- Sire: Al Hareb (USA)
- Grandsire: El Gran Senor (USA)
- Dam: Headford Lass (GB)
- Damsire: Red Alert
- Sex: Gelding
- Foaled: 1990
- Country: Australia
- Colour: Bay
- Breeder: Tasman Breeding Venture No 1
- Trainer: Ken Newman
- Record: 26: 10-6-0
- Earnings: A$893,480

Major wins
- Group One Southcorp Stakes (1994) Australia Made Stakes (1995) George Ryder Stakes (1995) (Later disqualified) Group Two QTC Cup (1996) Stanley Wootton Stakes (1995) Group Three Bobby Lewis Quality (1994) Sir Rupert Steele Stakes (1994)

Honours
- Hareeba Stakes (at Mornington)

= Hareeba =

Australian-bred Thoroughbred racehorse

Hareeba (1990–1997) was an Australian Thoroughbred racehorse who won six Black Type races including two Group One (G1) sprints in the 1990s.

He was a bay gelding sired by Al Hareb (won GB William Hill Futurity Stakes) out of Headford Lass (GB) (Red Alert (IRE)-Deep Company (GB)).

==Racing career==
Hareeba had three starts as a two-year-old without success but returned at three, and, after two further defeats, broke his maiden at Yarra Glen on 28 October 1993. This was followed with wins at Ballarat, Moonee Valley, and Flemington. In his two city wins, he broke the course record for 1,200 metres in winning by nine lengths at Moonee Valley, and defeated the following year's Caulfield Cup winner, Paris Lane, by three lengths at Flemington. After a brief let-up, Hareeba was tried in Black Type company for the first time and finished a close second to Lady Jakeo in the 1994 Australia Made Stakes. While defeated, he had finished in front of the multiple Group One winners Primacy and Schillaci, but, in a foretaste of what would be ongoing issues over the next three years, was injured and had to be spelled.

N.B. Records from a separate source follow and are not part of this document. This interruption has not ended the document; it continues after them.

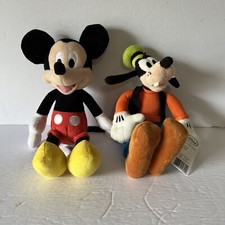 Disney Collection Goofy with tags and Mickey Mouse 10" Plush Stuffed Toy Lot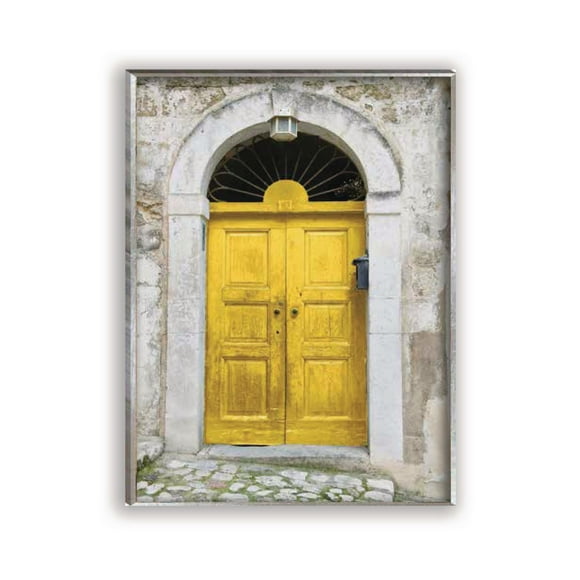 Artissimo Designs - Toile imprimée encadrée pour porte en bois jaune - 18 x 24 x 2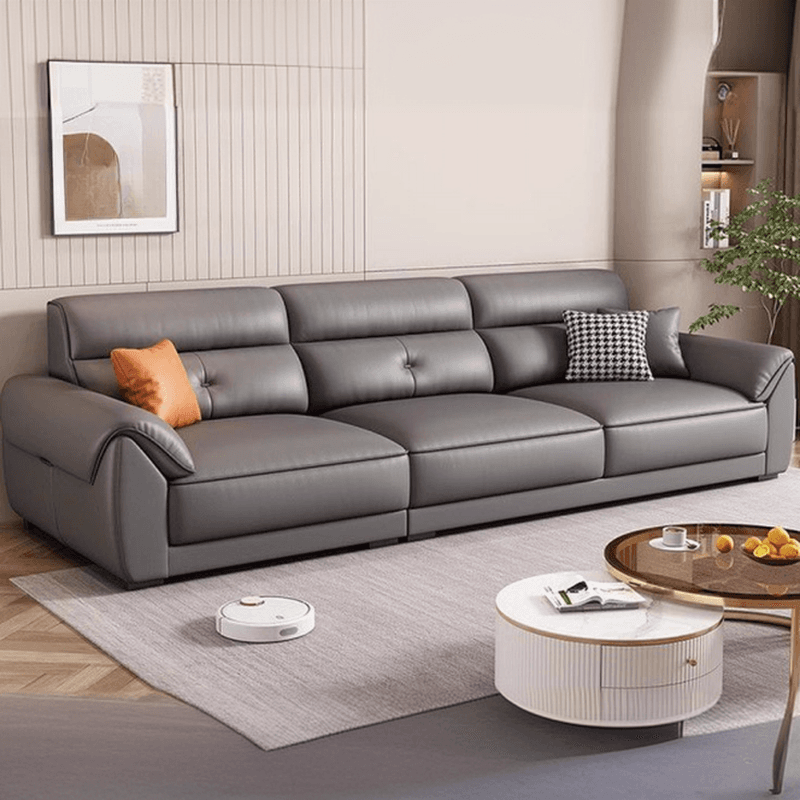 Casual Straight Scratch-repellent Sofa in Dove Grey with Horizontal Orientation, Latex Seat Fill, and Flared Arm thumbnail 2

At four, he failed first-up in the Manikato Stakes but won the Bobby Lewis Quality second-up and recorded further wins, later in the spring, in the Sir Rupert Steele Stakes and the Southcorp Stakes. In the new year, he resumed with an 'amazing display of sheer speed and power' in the 1995 Australia Made Stakes, which was run down the straight at Flemington (with Moonee Valley closed for renovations). Starting odds-on, Hareeba raced out to a massive lead on the flat side and won by five and a half lengths. At his next start, he raced below his best when unplaced behind Mahogany in the Lightning Stakes, and carried topweight of 58.5 kilograms when runner-up to All Our Mob in the Newmarket Handicap. Back to his best, he defeated Mahogany and Schillaci in the Stanley Wootton Stakes and again in the George Ryder Stakes (from which he was later disqualified). Hareeba was then injured and was off the scene for almost 12 months.

When he resumed in the 1996 Stanley Wootten Stakes, he started favourite but finished last of six behind All Our Mob. Following another let-up, he finished second to Mamzelle Pedrille in a Flying on the Gold Coast and scored a course record-breaking win in the QTC Cup, under topweight of 60 kilograms. Seemingly with the Stradbroke Handicap at his mercy, as he was dropping to 57 kilograms, Hareeba continued his 'enigmatic' ways and was unplaced. He returned at six for a final campaign, and was unplaced in the 1997 Rubiton Stakes before breaking down completely in trackwork. Connections tried to save him and wrapped his injured leg in bandages, but, ultimately, he had to be euthanased.